慶州へ着いたヒョンは、自転車を借りてのどかな街中をゆっくり見て回る。芝生で覆われた古墳群では、若者がデートし、子どもたちが遊びまわっていた。ヒョンは後輩のヨジョン(ユン・ジンソ)に電話して会う約束をする。大きな池のある公園のベンチに座っていると、大邱の駅で会った母娘が通り過ぎていった。
記憶を辿りながら古民家を改造した茶屋を覗いていると「とてもおいしいですよ」と通りかかったヨンミン(キム・テフン)に促される。茶屋は変わっていないが、今はユニ(シン・ミナ)という女主人が切り盛りしていた。

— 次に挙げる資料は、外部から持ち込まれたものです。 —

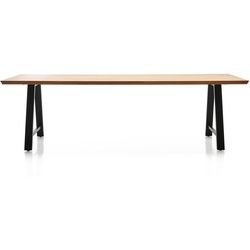 Tisch Matteo Vincent Sheppard braun, 76x215x100 cm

春画の話をすると、彼女は怪訝そうな顔をした。3年前から茶屋を始めたユニは知らないという。ヒョンはその部屋でお茶を飲むことにする。ユニはお茶を煎れながら、客がからかうので上から壁紙を貼ったのだと教えてくれた。どうりで、壁紙が一部めくられていた。
アジコのおすすめポイント:
とてもミステリアスで濃厚な1日を描いたドラマです。前半は旅をしているような気分に浸れますが、後半、ある分岐点を境に実は不思議な出来事が続いていたことがわかり、驚かされます。それは、現在と過去をつなぐ時空の歪みなのか。先輩の葬儀。壁に春画が飾ってあった伝統茶屋。そこで出会った美しい未亡人。そのほかにも、何度か会った母娘、占い師、暴走族、昔聴いたはずの水の音…などなど、いろいろな要素が混じり合い、この大きな丸い古墳が点在する不思議な空間、いわば死者と生者が共存するこの街で起こった奇妙な体験が描かれていきます。監督は中国の朝鮮族として育ったチャン・リュル。異邦人としての視点が活かされており、主人公たちの心の揺らぎを美しい映像に重ね、独特で詩的な作品に仕上げています。様々な解釈ができるので、主人公と共に謎解きを楽しんでください。